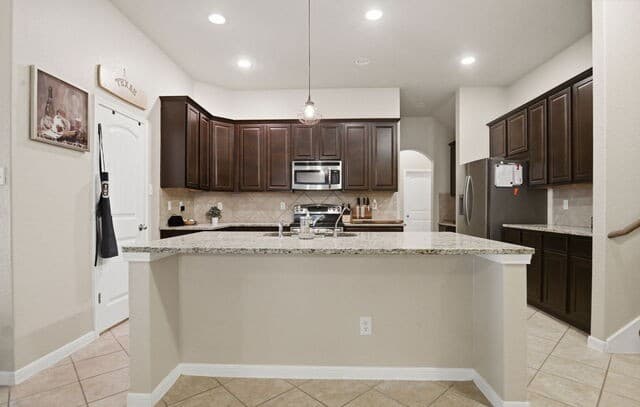821  Wall St, New Braunfels, TX 78130 — photo 11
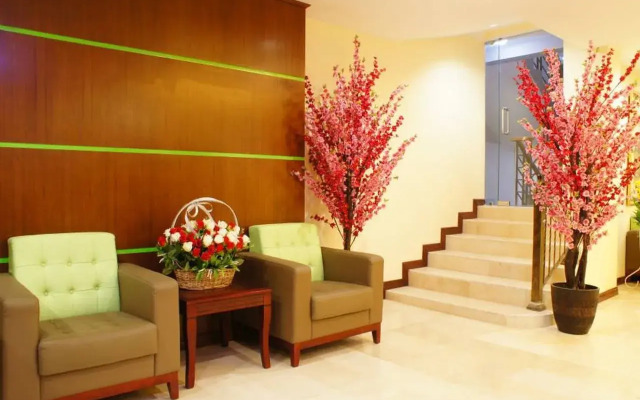 Green Leaf Hotel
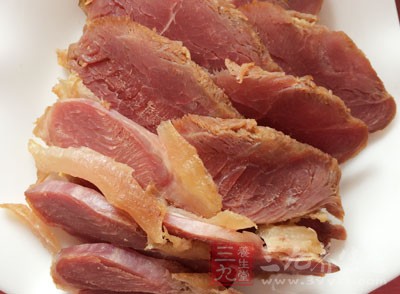 吃生牛肉或者半熟牛肉都不利於健康，牛肉可能攜帶沙門氏菌或者大腸桿菌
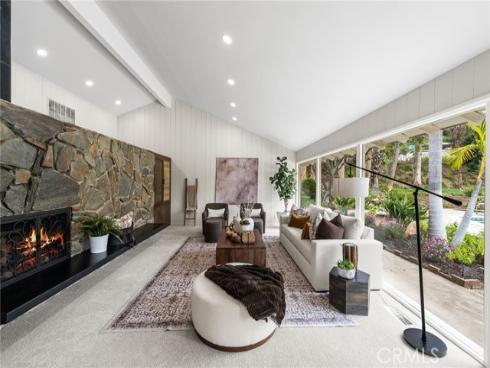 9891 Deerhaven , North Tustin, CA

■ **Assignment**
Where the line containing "吃生牛肉或者半熟牛肉都不利於健康，牛肉可能攜帶沙門氏菌或者大腸桿菌" appears above, start there and set down each line exactly through the last line of the data; leave out every picture.

■ **Output for this exercise**
 吃生牛肉或者半熟牛肉都不利於健康，牛肉可能攜帶沙門氏菌或者大腸桿菌
 9891 Deerhaven , North Tustin, CA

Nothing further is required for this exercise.